Drag a “Forever” repeat code block and wrap it around the other two code blocks. Change the 1 seconds value in the “Glide Secs to X Y” code block to 2 seconds. Drag a “When Green Flag Clicked” code block and put it on top of our little stack of code blocks. It should look something like this:
If you click the green flag icon and run the game eggs should slide in from the right to the left. If you time it right, the space bar makes the penguin jump over the egg. To make the game a challenge we need to bring in a penalty for bad jumps and collisions with eggs.
Adding a Penalty
With the egg sprite highlighted in the sprite window, drag a “Wait Until” code block from the orange “Control” category of code blocks. Then drag a “Stop All” code block too. Clip them together with the “Stop All” code block on the bottom.

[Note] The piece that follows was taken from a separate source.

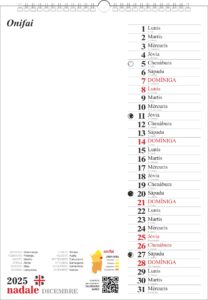 calendario sardo 2025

From the “Sensing” category drag out a “Touching” code block and drop it on the “Wait Until” code block. Drop it on the stretched hexagon shape that is filled with a darker orange.
Select the name of our penguin sprite in the drop-down menu in the “Touching” code block. The default is “Penguin 2.” Finally drag a “When Green Flag Clicked” code block and put it on the top of our new stack of code blocks. These are the two code blocks for the egg sprite:
The code blocks we’ve just added detect when the egg touches the penguin. Click the “Green Flag” icon to start the game. The game will stop when you click the “Red Circle” stop icon or an egg touches the penguin.
Scratch Is Easy
Scratch is easy. It takes longer to describe what to do than it takes to do it. But even going through the steps of creating this simple game we’ve encountered some useful concepts. Repeat loops, cartesian coordinates, collision detection, and incrementing variables are all contained within this little example.
If you’ve got kids in the 8-upwards age range, Scratch is a great way to introduce them to disciplined thinking, while they think they’re playing. If you want to take their programming education a step further, you may want to get them coding toys or a coding subscription box.